Snoop Dogg and Kobe Bryant's favorite underground fried chicken and soul food kitchen just opened up in Portland—as a food cart.
Trap Kitchen is the dream of two former former gang members from Compton, one Crip and one Piru (Blood). Malachi "Spankihana" Jenkins and Roberto "News" Smith were both lifelong cooks in part from necessity—Jenkins cooked while his mother was at work—and it eventually led Jenkins to culinary school.
But Trap Kitchen really got started, Jenkins told Vice last year, "when I dropped out of Le Cordon Bleu and got hired to be a personal chef for local pimps while living in Las Vegas. They love rich pastas like shrimp and chicken Alfredo, and dishes like that."

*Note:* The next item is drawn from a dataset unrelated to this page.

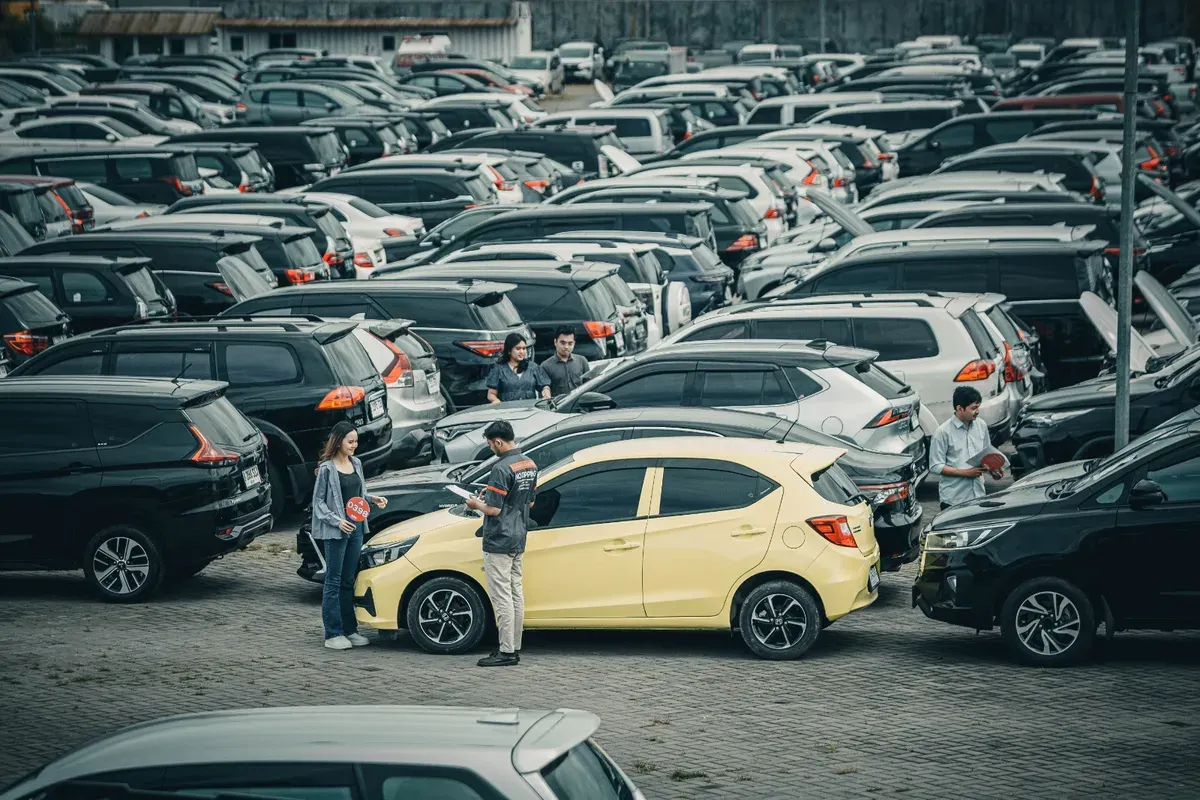 Data dari JBA Indonesia menunjukkan lelang kendaraan masih dominasi jenis konvensional, meskipun minat terhadap kendaraan listrik mulai terlihat (Sumber: JBA Indonesia)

Trap Kitchen's clientele has gone decidedly upmarket since then. The customers for their fried chicken, gumbo and brisket now include Dave Chappelle, Snoop Dogg, Kobe Bryant, Kendrick Lamar, Russell Simmons, Kanye West and a boatload of Kardashians and/or Biebers. The menu changes according to whim and is posted on Instagram each night—but the pineapple bowls with surf 'n' turf shrimp and steak on a bed of tropical fruit are already the stuff of legend.
But before it got big, the Trap's roots also go back to Portland, says local rapper Cool Nutz, who alongside rapper Mikey Vegaz is helping the duo kick off their brand-new Trap Kitchen PDX food cart at 8523 SE Stark St, open noon to 8 pm.

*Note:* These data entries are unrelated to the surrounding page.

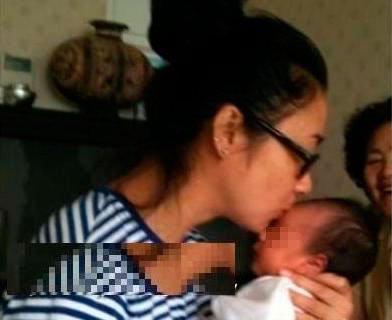 38歲黃勃嬌妻愛(ài)女曝光 揭二人隱秘情史(圖)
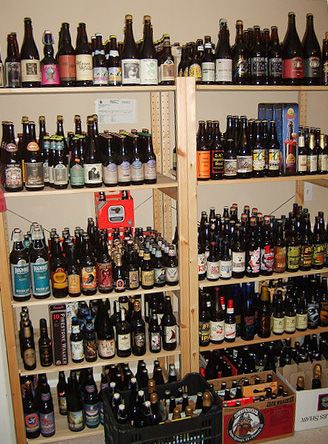 Tips for making a beer cellar in your home. http://www.frankenmuthbrewery.com/blog/brewery/making-a-beer-cellar/ Michigan Breweries, Scary Room, Brew Room, Beer Room, Beer Cellar, Beer 101, Beer Snob, Home Brewery, Beer Store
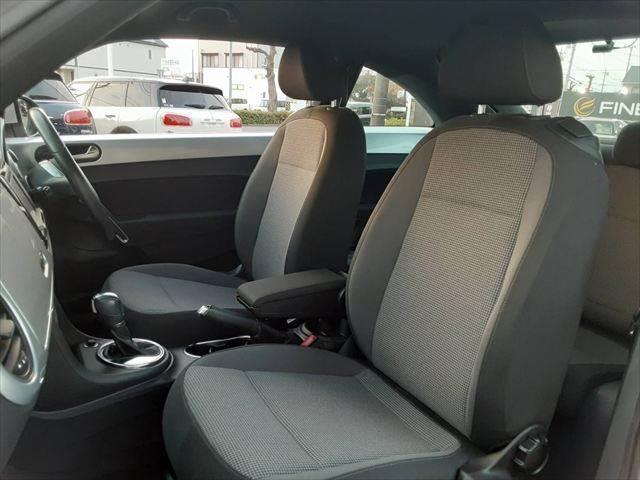 ザ・ビートル デザイン　クルーズコントロール　純正ＳＤナビ　ディスチャージヘッドランプ　バックカメラ　クリアランスソナー　禁煙車　地デジテレビ　Ｂｌｕｅｔｏｏｔｈ　ＭＴモード付シフト　ミュージックサーバー　キーレス（31枚目）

"We've been friends," says Cool Nutz, "like Spank would be up here—he'd sometimes be up here two three weeks a month. He cooked Thanksgiving dinner, birthday dinners—cooking has always been his passion. He's an all around good dude, and News as well."
Jenkins and Smith will be cooking at the Portland cart when they're in town along with a chef they've hired to keep the place running. Jenkins will be in town cooking from noon to 8 pm Friday, Saturday and Monday of this week.

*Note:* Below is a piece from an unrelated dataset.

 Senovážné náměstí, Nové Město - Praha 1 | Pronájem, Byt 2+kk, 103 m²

The cart will be a permanent addition to Portland, however, serving up the Trap's soul and seafood recipes.
Cool Nutz says the location near Gateway was carefully considered to be central to everyone in the community.
"A lot of people have been displaced to southeast," he says. "Nowadays, that places you down in the middle of everybody even being out on 85th—which is crazy. It used to be Northeast or Lloyd. Now it's so spread out, you can be on 82nd it's considered central, because there's so many people coming from, as you say, the Numbers."
Cool Nutz says it's also been surreal watching the duo go from underground cooks to celebrities in their own right—including events in Seattle where 300 people came out to try Trap Kitchen's food, and off-season dinners where they cooked for the Blazers' C.J. McCollum. The pair also just released a cookbook, Trap Kitchen: Bangin' Recipes from Compton, which they'll be selling at the Portland cart as well.
"I was in L.A.," says Cool Nutz, "We went to Snoop's studio and Spank was there cooking for him—you know, coincidentally. It's been a trip watching everything progress because, you know, you think basketball or rapping in therms of being a celebrity. Cooking has brought them to where they are.
To see the day's menu at 8523 SE Stark St., check out the Trap Kitchen PDX Instagram. Yesterday was fried chicken, and today is the Trap Kitchen's signature gumbo.
Jenkins will be in town cooking at the cart through January 9, but the cart's closed on Sunday.